→ RECORDED INFORMATION
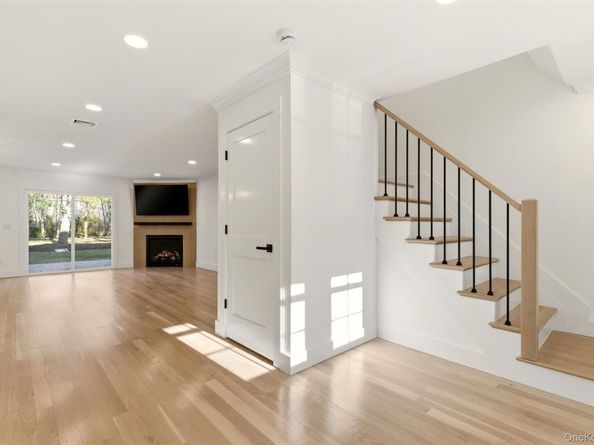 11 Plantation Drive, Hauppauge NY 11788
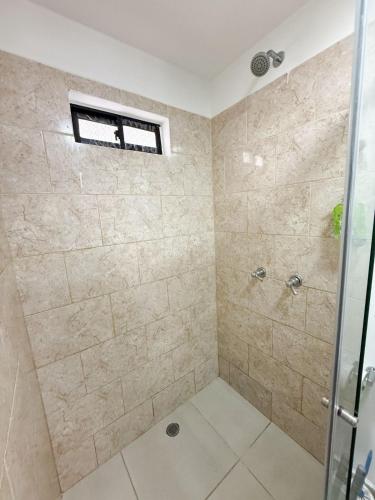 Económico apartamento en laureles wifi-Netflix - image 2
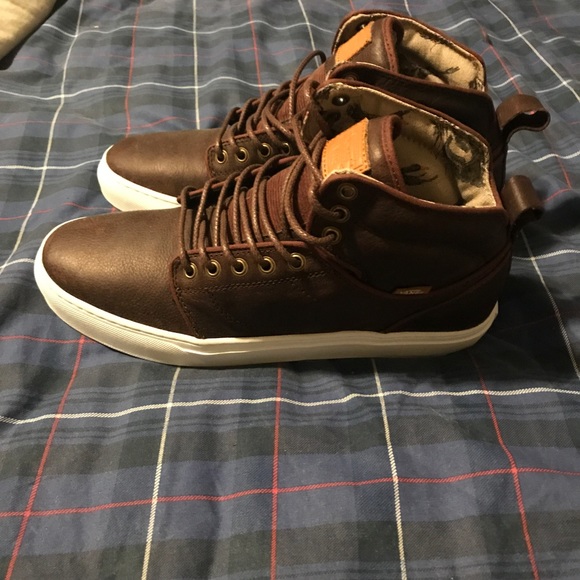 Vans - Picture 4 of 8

→ YOUR GOAL
Images in the data above are to be skipped. Retype all other material exactly.

→ EXPECTED ANSWER
 11 Plantation Drive, Hauppauge NY 11788
 Económico apartamento en laureles wifi-Netflix - image 2
 Vans - Picture 4 of 8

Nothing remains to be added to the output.